* **WHAT YOU ARE ASKED TO DO**: The line with "Hand-knotted rug, vintage", the line with "Watercolor Tee Black", and all lines between them in the material below: return these exactly, and no others.

* **INPUT RECORDS**:
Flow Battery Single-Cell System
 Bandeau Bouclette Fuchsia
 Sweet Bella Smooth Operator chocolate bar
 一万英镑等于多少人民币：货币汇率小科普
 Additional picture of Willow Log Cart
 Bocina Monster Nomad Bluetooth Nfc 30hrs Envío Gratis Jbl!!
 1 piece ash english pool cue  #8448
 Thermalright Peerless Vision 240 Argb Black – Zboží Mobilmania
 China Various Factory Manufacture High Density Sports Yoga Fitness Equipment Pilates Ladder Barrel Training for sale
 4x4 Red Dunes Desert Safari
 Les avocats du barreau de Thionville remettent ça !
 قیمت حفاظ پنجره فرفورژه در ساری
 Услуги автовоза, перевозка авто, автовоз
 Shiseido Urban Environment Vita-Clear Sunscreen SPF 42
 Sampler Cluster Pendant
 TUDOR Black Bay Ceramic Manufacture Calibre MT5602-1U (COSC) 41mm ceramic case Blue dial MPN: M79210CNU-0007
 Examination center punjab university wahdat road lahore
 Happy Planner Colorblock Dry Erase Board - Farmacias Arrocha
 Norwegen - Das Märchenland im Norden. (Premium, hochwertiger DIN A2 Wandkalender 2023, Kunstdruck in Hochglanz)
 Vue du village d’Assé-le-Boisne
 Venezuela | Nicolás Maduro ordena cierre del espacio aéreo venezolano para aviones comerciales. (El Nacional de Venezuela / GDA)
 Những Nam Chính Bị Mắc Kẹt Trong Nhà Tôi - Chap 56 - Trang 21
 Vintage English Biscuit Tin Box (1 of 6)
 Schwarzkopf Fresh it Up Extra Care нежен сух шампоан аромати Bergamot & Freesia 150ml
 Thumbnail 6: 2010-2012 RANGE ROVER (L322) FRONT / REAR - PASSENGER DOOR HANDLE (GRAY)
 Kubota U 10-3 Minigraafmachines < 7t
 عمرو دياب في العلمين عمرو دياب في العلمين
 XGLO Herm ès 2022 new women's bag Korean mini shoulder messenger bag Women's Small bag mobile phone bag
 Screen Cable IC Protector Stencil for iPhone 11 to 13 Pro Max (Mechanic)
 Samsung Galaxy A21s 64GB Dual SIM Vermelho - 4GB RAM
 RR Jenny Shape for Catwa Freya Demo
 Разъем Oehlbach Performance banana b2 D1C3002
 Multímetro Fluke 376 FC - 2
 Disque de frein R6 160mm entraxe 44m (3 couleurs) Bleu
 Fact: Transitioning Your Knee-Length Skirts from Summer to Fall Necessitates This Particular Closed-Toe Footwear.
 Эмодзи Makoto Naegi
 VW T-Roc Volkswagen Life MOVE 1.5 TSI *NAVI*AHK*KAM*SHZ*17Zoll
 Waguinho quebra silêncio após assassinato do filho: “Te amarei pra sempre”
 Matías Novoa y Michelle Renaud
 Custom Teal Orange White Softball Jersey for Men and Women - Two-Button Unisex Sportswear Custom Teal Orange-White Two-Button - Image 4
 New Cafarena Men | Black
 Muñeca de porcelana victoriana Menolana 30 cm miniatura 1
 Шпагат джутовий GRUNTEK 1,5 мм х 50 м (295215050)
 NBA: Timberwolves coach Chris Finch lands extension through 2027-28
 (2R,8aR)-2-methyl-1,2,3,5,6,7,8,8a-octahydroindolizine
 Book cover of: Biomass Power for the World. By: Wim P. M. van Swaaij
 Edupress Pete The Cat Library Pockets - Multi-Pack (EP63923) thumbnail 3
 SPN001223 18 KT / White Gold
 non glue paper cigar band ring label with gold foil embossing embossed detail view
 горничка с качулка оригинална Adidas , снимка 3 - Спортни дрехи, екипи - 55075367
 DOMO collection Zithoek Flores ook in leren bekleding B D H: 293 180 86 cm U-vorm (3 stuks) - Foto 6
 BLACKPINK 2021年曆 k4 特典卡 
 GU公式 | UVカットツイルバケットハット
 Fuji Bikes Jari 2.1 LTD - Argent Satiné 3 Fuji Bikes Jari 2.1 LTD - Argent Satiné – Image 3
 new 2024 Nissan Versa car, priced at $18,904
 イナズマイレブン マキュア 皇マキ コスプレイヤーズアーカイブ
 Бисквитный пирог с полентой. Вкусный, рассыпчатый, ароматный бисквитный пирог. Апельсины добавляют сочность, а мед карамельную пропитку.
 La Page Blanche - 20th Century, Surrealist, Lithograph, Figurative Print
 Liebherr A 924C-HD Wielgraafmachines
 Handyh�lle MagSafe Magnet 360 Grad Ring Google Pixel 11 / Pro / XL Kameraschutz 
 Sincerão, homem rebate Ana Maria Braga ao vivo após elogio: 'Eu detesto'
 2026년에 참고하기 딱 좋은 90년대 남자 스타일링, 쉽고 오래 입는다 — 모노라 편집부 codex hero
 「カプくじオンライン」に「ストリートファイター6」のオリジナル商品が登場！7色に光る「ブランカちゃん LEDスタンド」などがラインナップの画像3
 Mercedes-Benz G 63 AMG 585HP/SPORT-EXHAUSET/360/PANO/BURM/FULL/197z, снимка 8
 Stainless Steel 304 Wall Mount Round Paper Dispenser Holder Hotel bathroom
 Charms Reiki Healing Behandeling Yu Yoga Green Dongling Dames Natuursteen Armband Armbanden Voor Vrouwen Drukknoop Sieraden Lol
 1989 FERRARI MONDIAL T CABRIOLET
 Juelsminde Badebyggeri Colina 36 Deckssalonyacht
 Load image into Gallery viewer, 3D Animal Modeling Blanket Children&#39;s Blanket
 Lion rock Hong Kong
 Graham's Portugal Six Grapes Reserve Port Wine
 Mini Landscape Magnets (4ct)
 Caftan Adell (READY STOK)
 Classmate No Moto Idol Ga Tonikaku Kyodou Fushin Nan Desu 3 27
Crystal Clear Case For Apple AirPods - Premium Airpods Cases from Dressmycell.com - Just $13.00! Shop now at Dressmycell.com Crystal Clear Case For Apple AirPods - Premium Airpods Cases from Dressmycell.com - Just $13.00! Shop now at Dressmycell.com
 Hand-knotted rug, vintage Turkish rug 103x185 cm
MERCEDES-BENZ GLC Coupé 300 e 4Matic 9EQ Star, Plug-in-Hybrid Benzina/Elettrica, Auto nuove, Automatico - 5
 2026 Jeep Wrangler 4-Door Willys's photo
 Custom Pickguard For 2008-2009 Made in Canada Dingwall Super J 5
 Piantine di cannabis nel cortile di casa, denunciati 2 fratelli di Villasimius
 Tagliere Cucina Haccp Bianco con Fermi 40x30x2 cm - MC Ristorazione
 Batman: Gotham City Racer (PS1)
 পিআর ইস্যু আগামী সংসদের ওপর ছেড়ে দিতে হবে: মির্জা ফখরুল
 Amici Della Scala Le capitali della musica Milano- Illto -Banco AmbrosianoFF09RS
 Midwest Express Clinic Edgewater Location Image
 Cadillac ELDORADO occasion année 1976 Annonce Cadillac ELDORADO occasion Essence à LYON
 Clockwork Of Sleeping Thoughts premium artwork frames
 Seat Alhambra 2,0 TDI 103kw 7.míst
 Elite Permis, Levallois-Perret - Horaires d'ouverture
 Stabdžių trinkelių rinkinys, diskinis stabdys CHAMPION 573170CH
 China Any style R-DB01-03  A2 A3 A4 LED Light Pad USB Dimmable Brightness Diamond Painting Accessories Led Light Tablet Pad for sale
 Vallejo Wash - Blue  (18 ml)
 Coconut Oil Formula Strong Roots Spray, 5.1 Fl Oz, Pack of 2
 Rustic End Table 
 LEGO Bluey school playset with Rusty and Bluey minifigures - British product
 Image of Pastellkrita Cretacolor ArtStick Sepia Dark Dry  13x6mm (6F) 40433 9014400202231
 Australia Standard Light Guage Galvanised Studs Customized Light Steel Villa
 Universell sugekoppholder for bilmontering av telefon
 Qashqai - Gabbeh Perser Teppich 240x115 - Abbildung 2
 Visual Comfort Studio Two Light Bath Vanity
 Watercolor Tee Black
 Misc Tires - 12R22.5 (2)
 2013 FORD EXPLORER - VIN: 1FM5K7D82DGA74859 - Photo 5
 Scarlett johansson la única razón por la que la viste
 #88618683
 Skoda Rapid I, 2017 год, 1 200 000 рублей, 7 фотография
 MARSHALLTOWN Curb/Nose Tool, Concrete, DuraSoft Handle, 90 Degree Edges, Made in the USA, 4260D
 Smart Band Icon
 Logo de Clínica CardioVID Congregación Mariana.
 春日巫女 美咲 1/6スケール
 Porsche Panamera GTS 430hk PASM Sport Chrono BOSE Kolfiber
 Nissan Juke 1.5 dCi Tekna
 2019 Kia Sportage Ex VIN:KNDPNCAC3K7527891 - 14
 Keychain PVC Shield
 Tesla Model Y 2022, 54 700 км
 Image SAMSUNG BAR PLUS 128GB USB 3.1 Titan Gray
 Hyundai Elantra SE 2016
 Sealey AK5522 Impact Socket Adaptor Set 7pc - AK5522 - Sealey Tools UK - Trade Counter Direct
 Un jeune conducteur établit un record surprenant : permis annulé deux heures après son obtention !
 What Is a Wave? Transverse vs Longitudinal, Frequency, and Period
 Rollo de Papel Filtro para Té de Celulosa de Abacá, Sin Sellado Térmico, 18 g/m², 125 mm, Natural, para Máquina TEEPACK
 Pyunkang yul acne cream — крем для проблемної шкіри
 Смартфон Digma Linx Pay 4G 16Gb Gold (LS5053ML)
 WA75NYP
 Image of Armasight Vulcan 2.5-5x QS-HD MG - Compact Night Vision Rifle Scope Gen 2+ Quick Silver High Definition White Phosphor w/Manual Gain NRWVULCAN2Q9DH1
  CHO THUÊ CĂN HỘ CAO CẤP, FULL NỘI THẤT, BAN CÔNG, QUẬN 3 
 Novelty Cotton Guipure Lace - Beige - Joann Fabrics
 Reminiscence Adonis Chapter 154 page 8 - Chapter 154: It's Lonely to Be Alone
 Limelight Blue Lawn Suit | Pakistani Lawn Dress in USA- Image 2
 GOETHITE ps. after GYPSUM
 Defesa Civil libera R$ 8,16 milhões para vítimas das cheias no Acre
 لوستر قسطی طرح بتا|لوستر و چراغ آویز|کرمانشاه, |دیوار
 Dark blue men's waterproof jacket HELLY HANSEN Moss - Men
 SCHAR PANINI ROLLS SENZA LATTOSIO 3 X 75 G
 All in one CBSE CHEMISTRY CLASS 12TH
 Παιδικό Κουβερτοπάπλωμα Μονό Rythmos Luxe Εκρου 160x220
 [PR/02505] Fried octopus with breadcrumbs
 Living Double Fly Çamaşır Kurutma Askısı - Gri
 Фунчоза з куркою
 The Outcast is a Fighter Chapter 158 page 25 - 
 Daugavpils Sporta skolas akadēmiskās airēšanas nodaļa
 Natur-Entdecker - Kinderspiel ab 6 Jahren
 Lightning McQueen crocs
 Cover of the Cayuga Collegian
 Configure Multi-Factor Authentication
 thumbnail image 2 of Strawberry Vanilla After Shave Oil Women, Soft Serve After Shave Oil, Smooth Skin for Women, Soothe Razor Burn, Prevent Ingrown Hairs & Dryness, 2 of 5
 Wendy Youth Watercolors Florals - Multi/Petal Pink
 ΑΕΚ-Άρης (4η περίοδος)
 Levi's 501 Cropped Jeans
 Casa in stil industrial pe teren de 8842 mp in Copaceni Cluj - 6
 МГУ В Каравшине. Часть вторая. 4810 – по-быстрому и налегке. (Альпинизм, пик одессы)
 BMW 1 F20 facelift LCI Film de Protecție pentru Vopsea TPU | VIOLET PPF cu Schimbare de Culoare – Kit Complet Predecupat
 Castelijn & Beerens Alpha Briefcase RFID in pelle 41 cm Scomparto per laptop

* **ANSWER SPACE**:
 Hand-knotted rug, vintage Turkish rug 103x185 cm
MERCEDES-BENZ GLC Coupé 300 e 4Matic 9EQ Star, Plug-in-Hybrid Benzina/Elettrica, Auto nuove, Automatico - 5
 2026 Jeep Wrangler 4-Door Willys's photo
 Custom Pickguard For 2008-2009 Made in Canada Dingwall Super J 5
 Piantine di cannabis nel cortile di casa, denunciati 2 fratelli di Villasimius
 Tagliere Cucina Haccp Bianco con Fermi 40x30x2 cm - MC Ristorazione
 Batman: Gotham City Racer (PS1)
 পিআর ইস্যু আগামী সংসদের ওপর ছেড়ে দিতে হবে: মির্জা ফখরুল
 Amici Della Scala Le capitali della musica Milano- Illto -Banco AmbrosianoFF09RS
 Midwest Express Clinic Edgewater Location Image
 Cadillac ELDORADO occasion année 1976 Annonce Cadillac ELDORADO occasion Essence à LYON
 Clockwork Of Sleeping Thoughts premium artwork frames
 Seat Alhambra 2,0 TDI 103kw 7.míst
 Elite Permis, Levallois-Perret - Horaires d'ouverture
 Stabdžių trinkelių rinkinys, diskinis stabdys CHAMPION 573170CH
 China Any style R-DB01-03  A2 A3 A4 LED Light Pad USB Dimmable Brightness Diamond Painting Accessories Led Light Tablet Pad for sale
 Vallejo Wash - Blue  (18 ml)
 Coconut Oil Formula Strong Roots Spray, 5.1 Fl Oz, Pack of 2
 Rustic End Table 
 LEGO Bluey school playset with Rusty and Bluey minifigures - British product
 Image of Pastellkrita Cretacolor ArtStick Sepia Dark Dry  13x6mm (6F) 40433 9014400202231
 Australia Standard Light Guage Galvanised Studs Customized Light Steel Villa
 Universell sugekoppholder for bilmontering av telefon
 Qashqai - Gabbeh Perser Teppich 240x115 - Abbildung 2
 Visual Comfort Studio Two Light Bath Vanity
 Watercolor Tee Black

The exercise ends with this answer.